→ Raw data
******************************

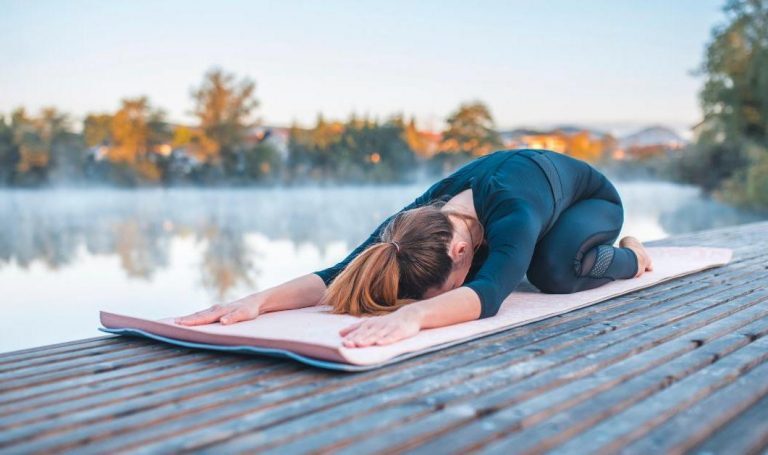 Woman stretching out lower back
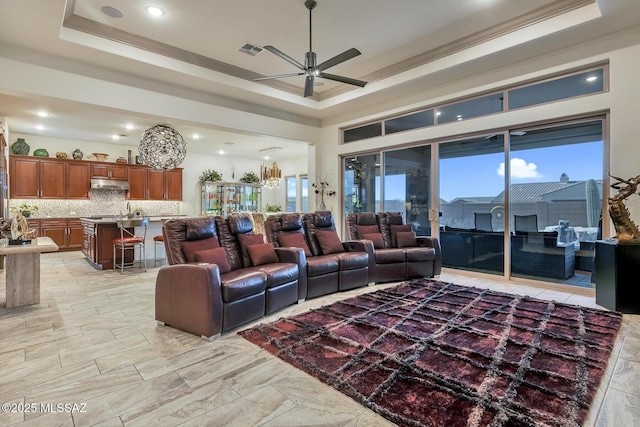 living room featuring ornamental molding, a raised ceiling, visible vents, and a ceiling fan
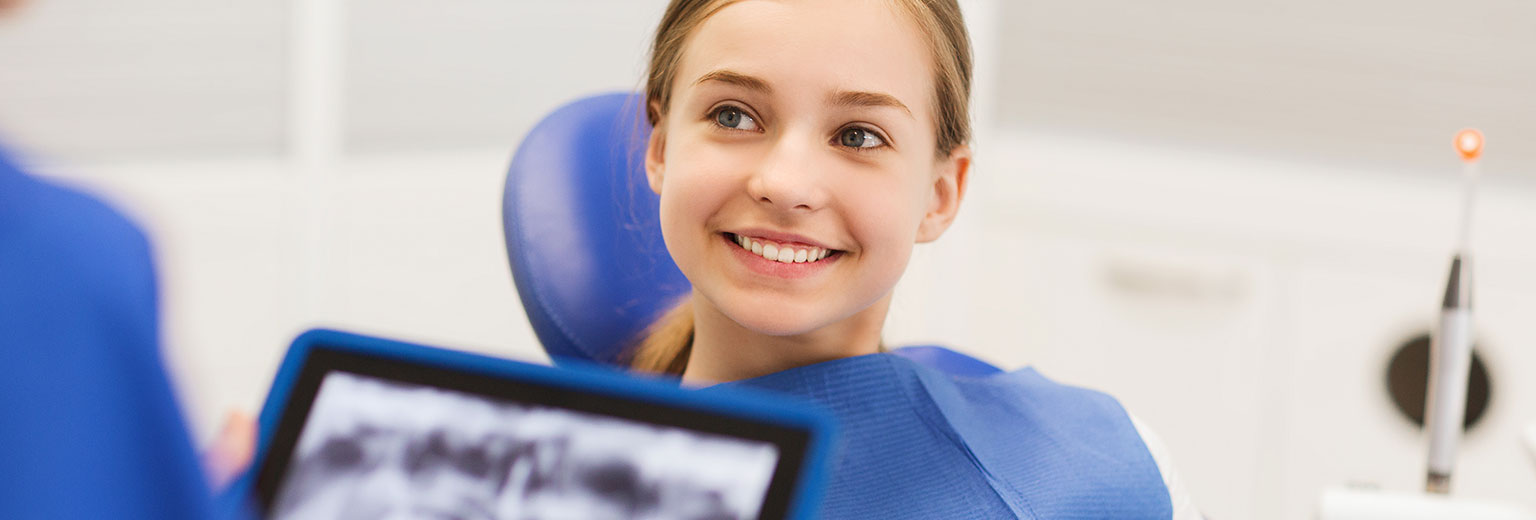 Woman smiling at dental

******************************

→ What the task asks
Write out, word for word, the lines running from the one containing "living room featuring" to the end of the data above; the pictures are to be left out.

→ Output of the exercise
 living room featuring ornamental molding, a raised ceiling, visible vents, and a ceiling fan
 Woman smiling at dental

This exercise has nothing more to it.